Switch to production after all of these are true:

  • [ ] All nodes deployed and Ready
  • [ ] ArgoCD syncing all apps (no red apps in UI)
  • [ ] All ingresses reachable (HTTP → HTTPS redirect works)
  • [ ] Staging certificates issued successfully for all domains
  • [ ] DNS pointing to your MetalLB IP for all domains
  • [ ] No rate-limit concerns (you haven't failed many cert requests)
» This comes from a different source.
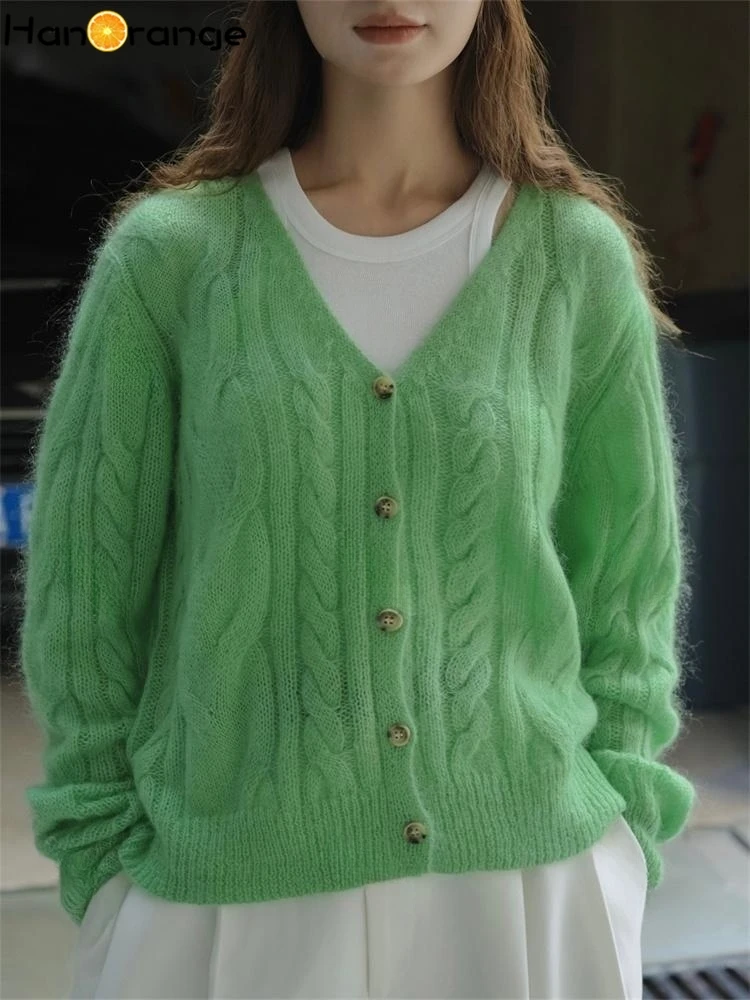 HanOrange 2024 Spring Slouchy Mohair Knitted Cardigan Women Comfortable Soft Waxy Casual Knitting Top Female Green/Blue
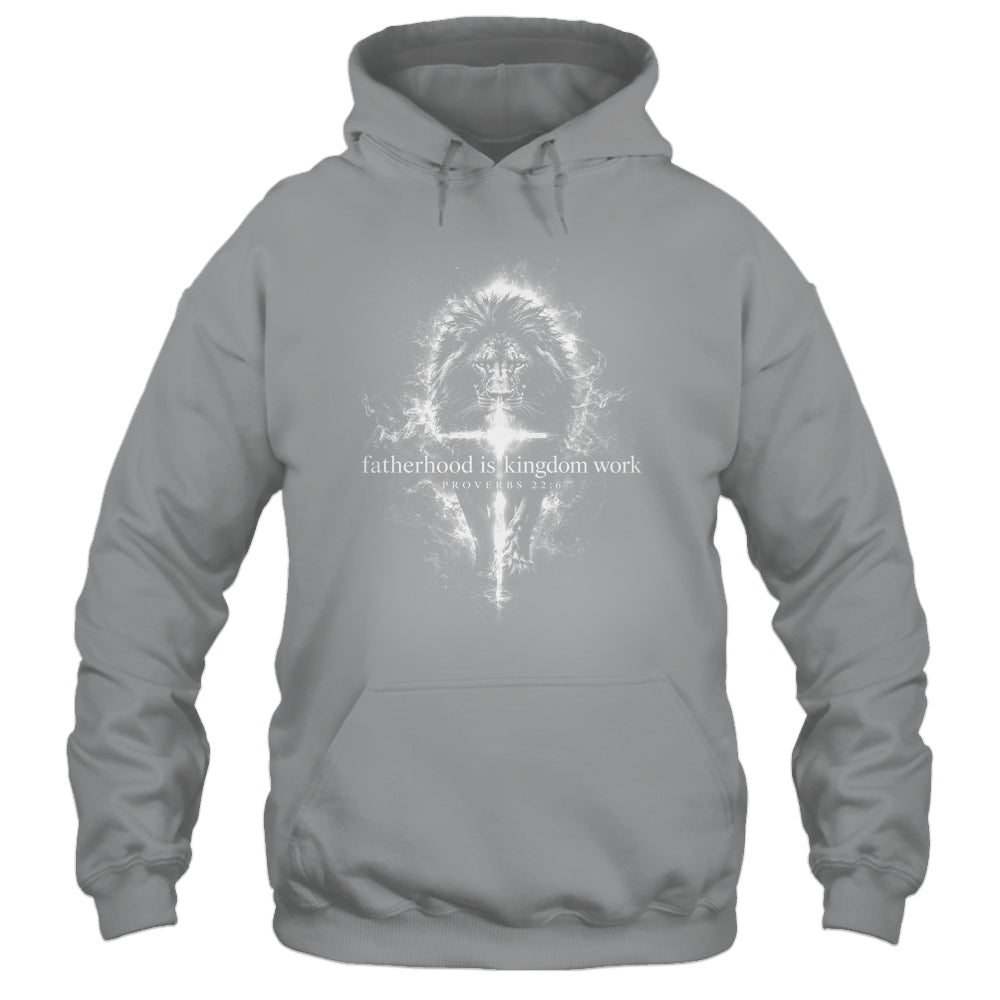 Fatherhood Is Kingdom Work Retro Faith Based Lion Cross Shirt & Hoodie | siriusteestore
How to verify staging certs are working

# Check all Certificate resources
kubectl get certificates -A

# All should show READY=True
# NAME                    READY   SECRET               AGE
# vaultwarden-tls         True    vaultwarden-tls      5m
# ghost-tls               True    ghost-tls            5m
# ...

# Check a specific cert
kubectl describe certificate vaultwarden-tls -n vaultwarden

# Verify the cert issuer is staging
kubectl get secret vaultwarden-tls -n vaultwarden -o jsonpath='{.data.tls\.crt}' \
  | base64 -d | openssl x509 -noout -issuer
# Should show: issuer=CN=(STAGING) Let's Encrypt ...

Switching to production

Edit each app's ingress or Helm values to change the cluster-issuer:

# In each app's Helm values or Ingress annotation:
cert-manager.io/cluster-issuer: letsencrypt-prod  # was: letsencrypt-staging

Start with a low-traffic app to verify the flow, then switch the rest.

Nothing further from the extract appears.